:: PROBLEM ::
What the answer must contain is every line of the records, exactly, with no pictures.

:: DATA FOR PROCESSING ::
--- START ---
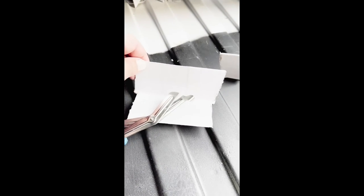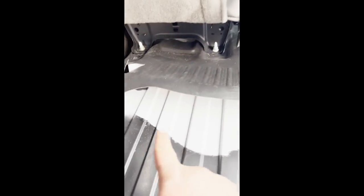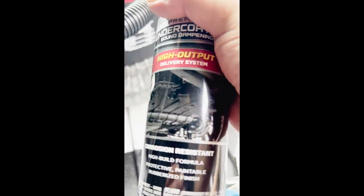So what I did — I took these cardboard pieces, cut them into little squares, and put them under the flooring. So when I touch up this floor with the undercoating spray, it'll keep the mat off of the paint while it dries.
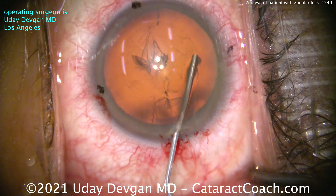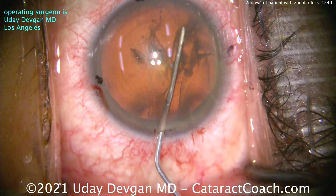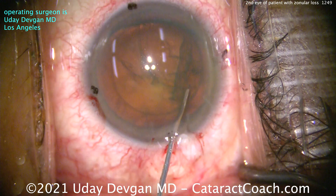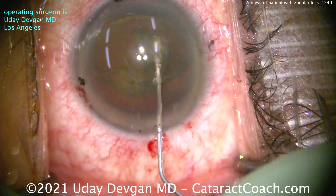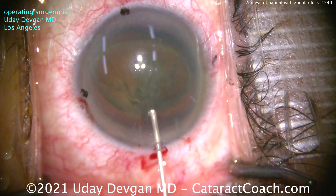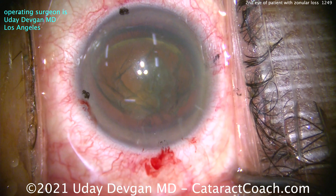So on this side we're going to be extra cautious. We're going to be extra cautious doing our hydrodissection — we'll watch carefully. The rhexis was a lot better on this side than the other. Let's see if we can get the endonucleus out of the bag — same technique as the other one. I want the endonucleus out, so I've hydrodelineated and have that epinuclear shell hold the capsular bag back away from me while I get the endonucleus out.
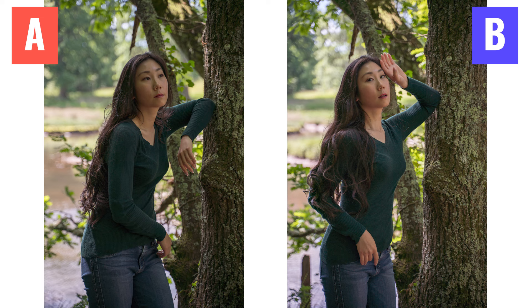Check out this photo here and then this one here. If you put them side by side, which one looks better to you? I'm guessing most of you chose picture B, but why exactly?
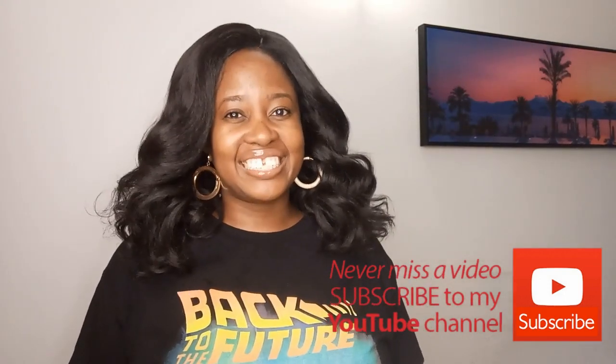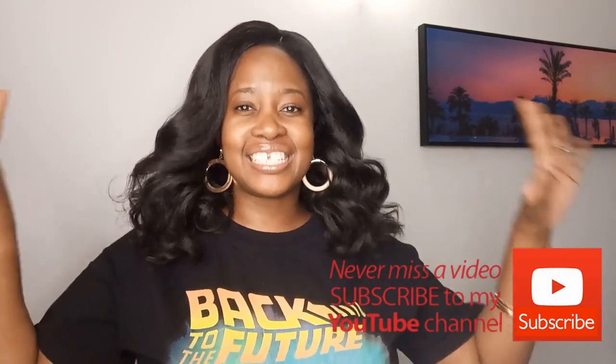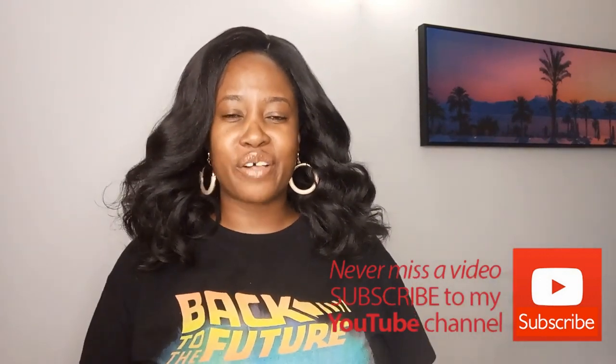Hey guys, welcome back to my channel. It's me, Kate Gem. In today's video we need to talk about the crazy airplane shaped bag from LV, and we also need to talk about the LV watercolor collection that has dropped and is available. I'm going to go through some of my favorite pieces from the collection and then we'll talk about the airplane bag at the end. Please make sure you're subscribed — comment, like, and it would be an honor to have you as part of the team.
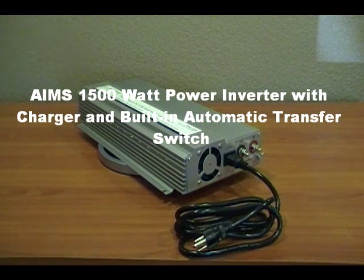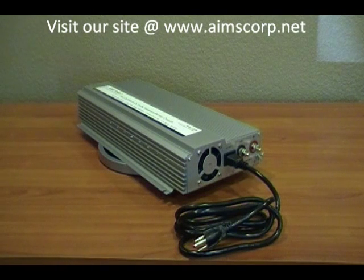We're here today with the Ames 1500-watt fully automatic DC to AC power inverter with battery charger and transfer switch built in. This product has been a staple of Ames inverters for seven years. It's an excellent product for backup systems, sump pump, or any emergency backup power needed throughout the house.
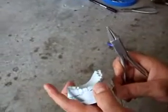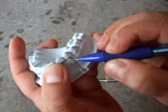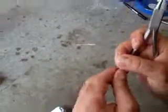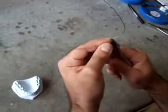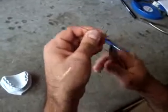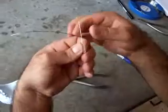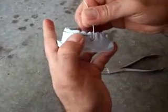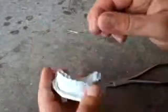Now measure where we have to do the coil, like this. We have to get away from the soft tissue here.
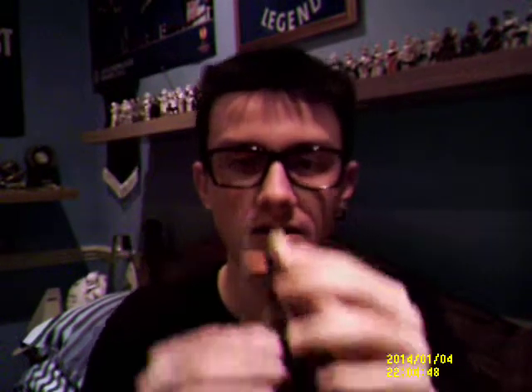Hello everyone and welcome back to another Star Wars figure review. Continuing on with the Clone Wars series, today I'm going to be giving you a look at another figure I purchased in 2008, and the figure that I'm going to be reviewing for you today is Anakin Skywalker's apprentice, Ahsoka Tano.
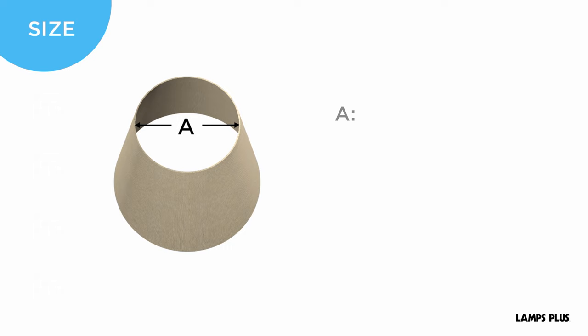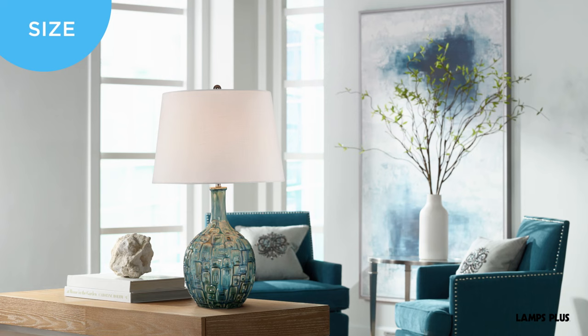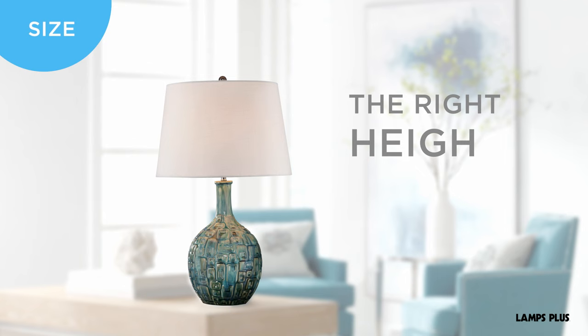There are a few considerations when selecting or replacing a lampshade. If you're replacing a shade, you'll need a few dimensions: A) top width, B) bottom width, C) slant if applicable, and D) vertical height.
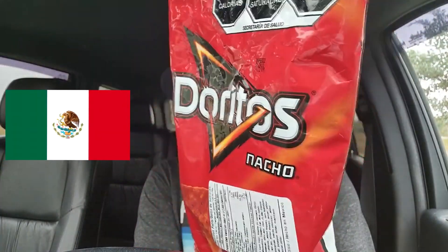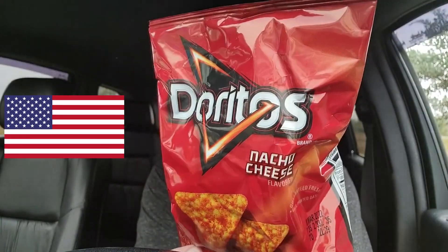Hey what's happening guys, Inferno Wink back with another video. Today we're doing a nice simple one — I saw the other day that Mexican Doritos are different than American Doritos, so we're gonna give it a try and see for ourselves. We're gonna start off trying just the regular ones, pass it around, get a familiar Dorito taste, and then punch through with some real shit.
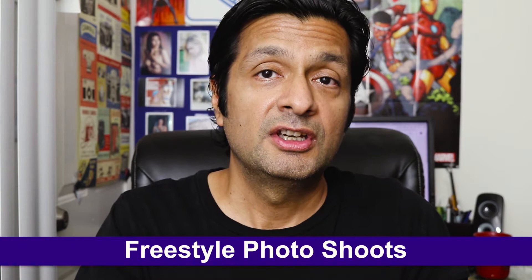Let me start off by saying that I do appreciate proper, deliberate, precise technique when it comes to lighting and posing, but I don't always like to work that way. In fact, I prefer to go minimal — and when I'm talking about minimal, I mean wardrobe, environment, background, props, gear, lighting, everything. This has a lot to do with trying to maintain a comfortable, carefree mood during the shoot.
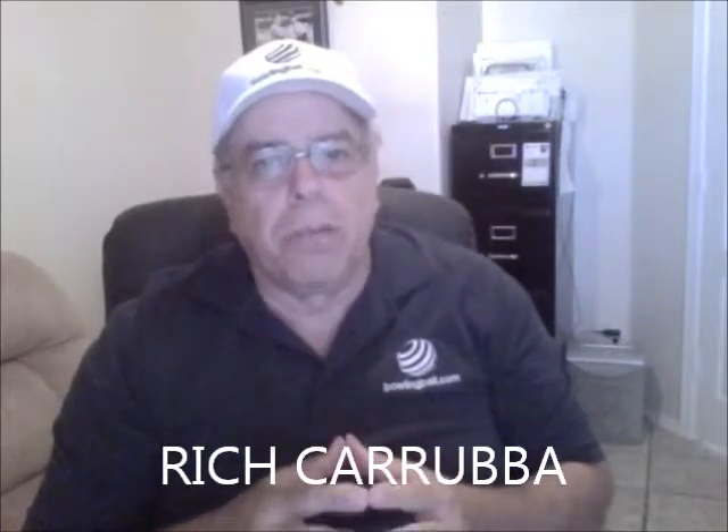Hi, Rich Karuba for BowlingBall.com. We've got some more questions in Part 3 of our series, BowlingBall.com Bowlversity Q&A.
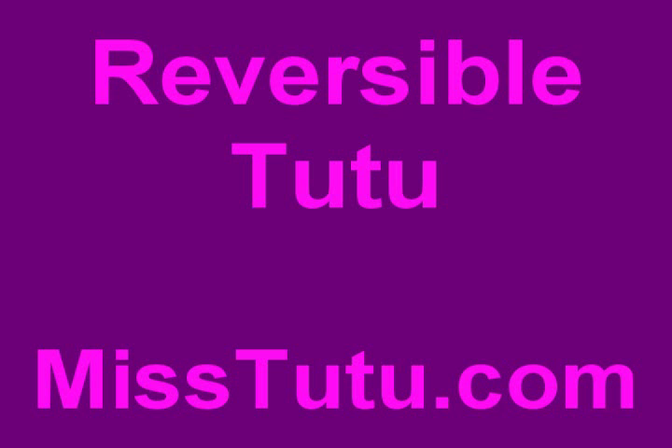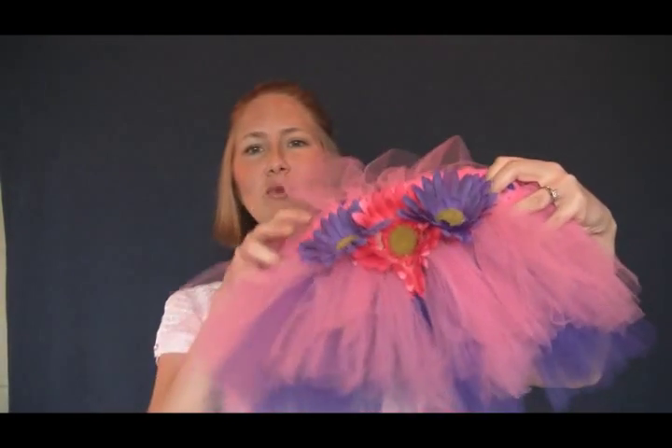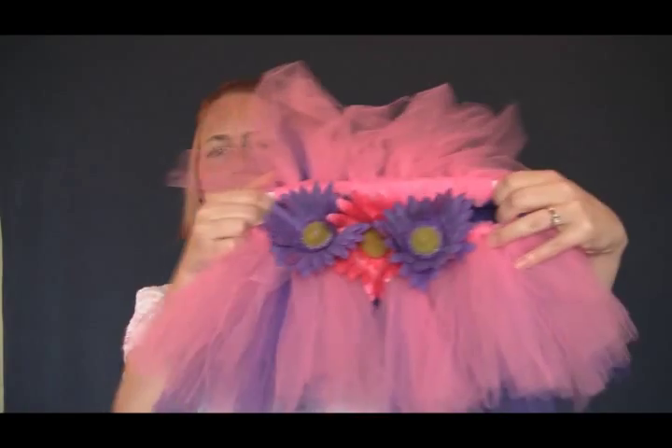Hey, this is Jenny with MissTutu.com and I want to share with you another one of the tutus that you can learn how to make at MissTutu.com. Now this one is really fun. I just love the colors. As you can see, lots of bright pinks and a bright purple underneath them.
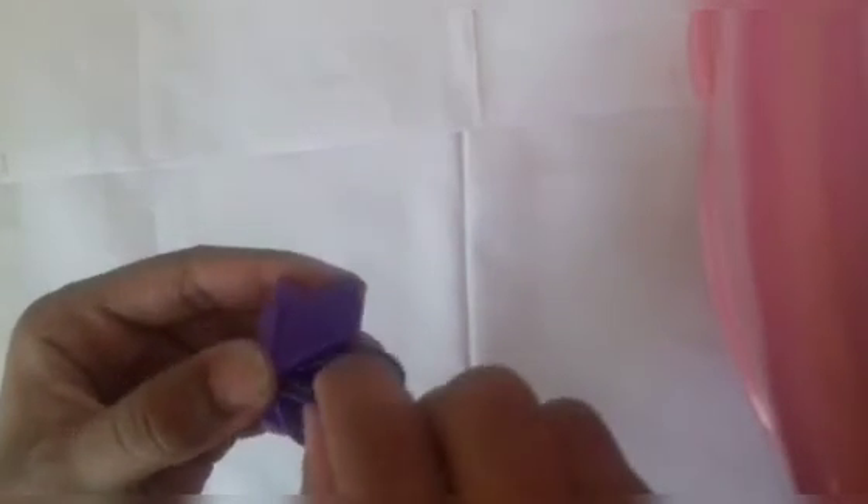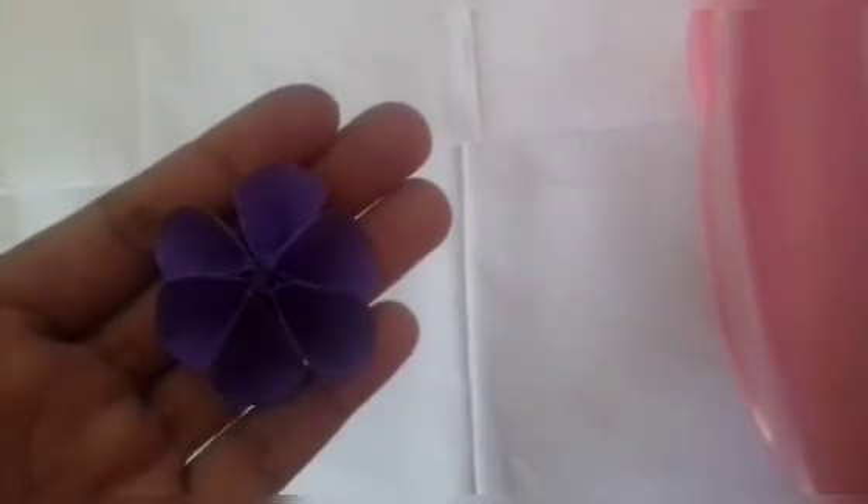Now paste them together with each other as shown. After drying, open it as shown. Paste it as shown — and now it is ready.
--- END ---
:: EXERCISE RESULT ::
So what I did — I took these cardboard pieces, cut them into little squares, and put them under the flooring. So when I touch up this floor with the undercoating spray, it'll keep the mat off of the paint while it dries.
So on this side we're going to be extra cautious. We're going to be extra cautious doing our hydrodissection — we'll watch carefully. The rhexis was a lot better on this side than the other. Let's see if we can get the endonucleus out of the bag — same technique as the other one. I want the endonucleus out, so I've hydrodelineated and have that epinuclear shell hold the capsular bag back away from me while I get the endonucleus out.
Check out this photo here and then this one here. If you put them side by side, which one looks better to you? I'm guessing most of you chose picture B, but why exactly?
Hey guys, welcome back to my channel. It's me, Kate Gem. In today's video we need to talk about the crazy airplane shaped bag from LV, and we also need to talk about the LV watercolor collection that has dropped and is available. I'm going to go through some of my favorite pieces from the collection and then we'll talk about the airplane bag at the end. Please make sure you're subscribed — comment, like, and it would be an honor to have you as part of the team.
We're here today with the Ames 1500-watt fully automatic DC to AC power inverter with battery charger and transfer switch built in. This product has been a staple of Ames inverters for seven years. It's an excellent product for backup systems, sump pump, or any emergency backup power needed throughout the house.
Now measure where we have to do the coil, like this. We have to get away from the soft tissue here.
Hello everyone and welcome back to another Star Wars figure review. Continuing on with the Clone Wars series, today I'm going to be giving you a look at another figure I purchased in 2008, and the figure that I'm going to be reviewing for you today is Anakin Skywalker's apprentice, Ahsoka Tano.
There are a few considerations when selecting or replacing a lampshade. If you're replacing a shade, you'll need a few dimensions: A) top width, B) bottom width, C) slant if applicable, and D) vertical height.
Hey what's happening guys, Inferno Wink back with another video. Today we're doing a nice simple one — I saw the other day that Mexican Doritos are different than American Doritos, so we're gonna give it a try and see for ourselves. We're gonna start off trying just the regular ones, pass it around, get a familiar Dorito taste, and then punch through with some real shit.
Let me start off by saying that I do appreciate proper, deliberate, precise technique when it comes to lighting and posing, but I don't always like to work that way. In fact, I prefer to go minimal — and when I'm talking about minimal, I mean wardrobe, environment, background, props, gear, lighting, everything. This has a lot to do with trying to maintain a comfortable, carefree mood during the shoot.
Hi, Rich Karuba for BowlingBall.com. We've got some more questions in Part 3 of our series, BowlingBall.com Bowlversity Q&A.
Hey, this is Jenny with MissTutu.com and I want to share with you another one of the tutus that you can learn how to make at MissTutu.com. Now this one is really fun. I just love the colors. As you can see, lots of bright pinks and a bright purple underneath them.
Now paste them together with each other as shown. After drying, open it as shown. Paste it as shown — and now it is ready.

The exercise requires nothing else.